How to Implement Design Patterns in TypeScript: Prototype
What is the Prototype Design Pattern?
The Prototype design pattern is a creational design pattern in software development. It is used when the type of objects to create is determined by a prototypical instance, which is cloned to produce new objects.
This pattern is used to:
- Avoid subclasses of an object creator in the client application, like the abstract factory pattern does.
- Avoid the inherent cost of creating a new object in the standard way (e.g., using the ‘new’ keyword) when it is prohibitively expensive for a given application.
To implement the pattern, you declare an abstract base class that specifies a pure virtual clone method. Any class that needs a “polymorphic constructor” capability derives itself from the abstract base class, and implements the clone operation.
The client, instead of writing code that invokes the “new” operator on a hard-coded class name, calls the clone method on the prototype, calls a factory method with a parameter designating the particular concrete derived class to be instantiated, or invokes the clone method through some mechanism provided by another design pattern.
The Prototype design pattern offers several advantages:
Performance: If creating a new object is a costly operation, prototype design pattern helps in improving performance by cloning/copying the existing objects, instead of creating new ones.
Dynamic Configuration: This pattern enables a more dynamic configuration of an application. Instead of hard coding the type of object to create, the application can clone objects at runtime.
Variety of Derived Classes: The pattern allows the client to create copies of arbitrary concrete objects, not just instances of a family related by a common interface.
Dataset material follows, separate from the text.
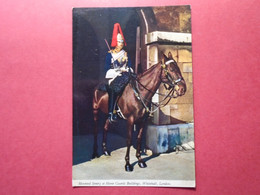 CPM   ANGLETERRE   MOUNTED SENTRY AT HORSE GUARDS BUILDINGS WHITEHALL   LONDON    NON  VOYAGEE - Whitehall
Hence, it can be used to instantiate a variety of derived classes.
Preserve the existing state: When an object is cloned, the cloned object carries the state of the original object. This can be helpful if you want to create a new object with an existing object’s state.
Ease of use with complex objects: For complex objects that take a lot of time to instantiate and set up, and that might also require complex API interactions, prototypes can drastically simplify and speed up the process of creating more of these objects.
However, keep in mind that this pattern has its trade-offs. Deep cloning can be a costly operation for complex objects and can consume a lot of memory, and it can be tricky when dealing with objects that have circular references or contain resources that can’t be copied easily, like file handles or database connections.
How to Implement Prototype?
In TypeScript, the Prototype pattern can be implemented using a clone method on a class. Here is a simple example:
interface Prototype {
clone(): Prototype;
sayHello(): void;
}
class ConcretePrototype implements Prototype {
private message: string;
constructor(message: string) {
this.message = message;
}
public clone(): Prototype {
return new ConcretePrototype(this.message);
}
public sayHello(): void {
console.log(this.message);
}
}
function clientCode(): void {
const prototype1: Prototype = new ConcretePrototype('Hello, World!');
prototype1.sayHello();
const prototype2: Prototype = prototype1.clone();
prototype2.sayHello();
}
clientCode();
In this example, ConcretePrototype
is the class that gets cloned. The clone
method creates a new ConcretePrototype
using the same message
as the current instance.
The clientCode
function creates an instance of ConcretePrototype
and then clones it. Despite prototype1
and prototype2
being different instances, they were created without directly using the new
keyword on ConcretePrototype
inside clientCode
. This means the exact type of the object doesn't have to be known by clientCode
, following the Prototype pattern.
This is a very simplified example. In a real project, the Prototype pattern might be useful for complex objects that are expensive to create or when you need to create objects dynamically at runtime.